Thursday, March 03, 2005
DRUG WAR TRAGEDY CONTINUES
Reports out of Alberta this afternoon indicate that four RCMP officers were shot and killed during a raid on a marijuana grow-op in the tiny village of Rochfort Bridge. The suspect is also reported to have killed himself.
Obviously this is an utter tragedy for the Mounties, their families, and the nation. As an RCMP spokesperson said:
"You'd have to go back to 1885, to the Northwest Rebellion, to have a loss of this magnitude. It's devastating."This statement itslef says something significant about the Mounties and the level of violent crime in Canada, yet this event is still devastating beyond words.
It is an even greater tragedy because of the utter senslesness of the conditions that created it. Every year across North America incidents such as this occur as a result of the "war on drugs."
When are our legislators and our society at large going to seriously weigh the social and economic costs, not to mention the cost in lives, against the supposed benefits of our current anti-drug enforcement regime?
The costs of the drug war are spinning out of control at an exponential rate: from the unnecessarily imprisoned with their attendant social and economic costs, to the marginalized and untreated addicts, to the deaths that occur in associated drug violence.
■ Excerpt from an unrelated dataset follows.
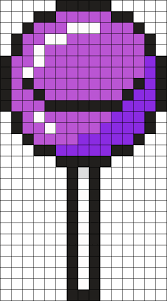 Lollipop Perler Bead Pattern Bead Sprite Graph Paper Drawings Graph Paper Art Easy Pixel Art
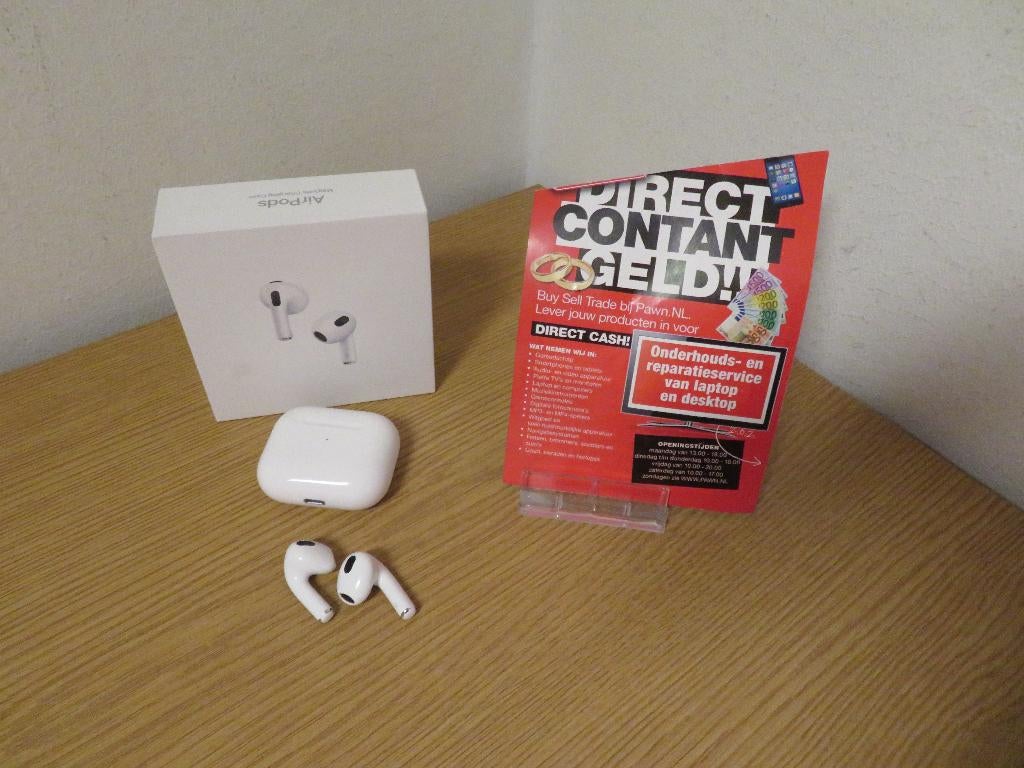 Apple AirPods 3 | Pawn Eindhoven, Ophalen, Gebruikt, Wit, Apple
The four officers who were killed today died performing their duty, enforcing the law and order of our land, for which they should be commended and memorialized. However, when do we ask if specific laws are worth that cost? When do we ask what type of order we are attempting to maintain?
The Liberals will be debating a proposal on the decriminalization of marijuana at their upcoming convention. One would hope that the four murders and one suicide that occurred today will cast a long shadow over that debate.